Luther Martin Writings and Biography
Like many of the delegates to the Constitutional Convention, Luther Martin attended the College of New Jersey (later Princeton), from which he graduated with honors in 1766. Though born in Brunswick, NJ., in 1748, Martin moved to Maryland after receiving his degree and taught there for 3 years. He then began to study the law and was admitted to the Virginia bar in 1771.
Martin was an early advocate of American independence from Great Britain. In the fall of 1774 he served on the patriot committee of Somerset County, and in December he attended a convention of the Province of Maryland in Annapolis, which had been called to consider the recommendations of the Continental Congress. Maryland appointed Luther Martin its attorney general in early 1778. In this capacity, Martin vigorously prosecuted Loyalists, whose numbers were strong in many areas. Tensions had even led to insurrection and open warfare in some counties. While still attorney general, Martin joined the Baltimore Light Dragoons. In July 1781 his unit joined Lafayette's forces near Fredericksburg, VA., but Martin was recalled by the governor to prosecute a treason trial.

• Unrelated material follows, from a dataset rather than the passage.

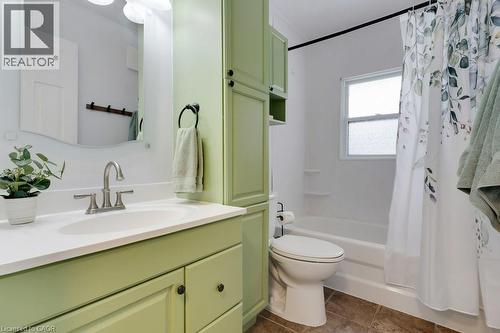 4pc Main Bath - 26 Esther Avenue, Cambridge, ON - Indoor Photo Showing Bathroom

Martin married Maria Cresap on Christmas Day 1783. Of their five children, three daughters lived to adulthood. His postwar law practice grew to become one of the largest and most successful in the country. In 1785 Martin was elected to the Continental Congress, but this appointment was purely honorary. His numerous public and private duties prevented him from traveling to Philadelphia.
At the Constitutional Convention Martin opposed the idea of a strong central government. When he arrived on June 9, 1787, he expressed suspicion of the secrecy rule imposed on the proceedings. He consistently sided with the small states and voted against the Virginia Plan. On June 27 Martin spoke for more than 3 hours in opposition to the Virginia Plan's proposal for proportionate representation in both houses of the legislature. Martin served on the committee formed to seek a compromise on representation, where he supported the case for equal numbers of delegates in at least one house. Before the convention closed, he and another Maryland delegate, John Francis Mercer, walked out.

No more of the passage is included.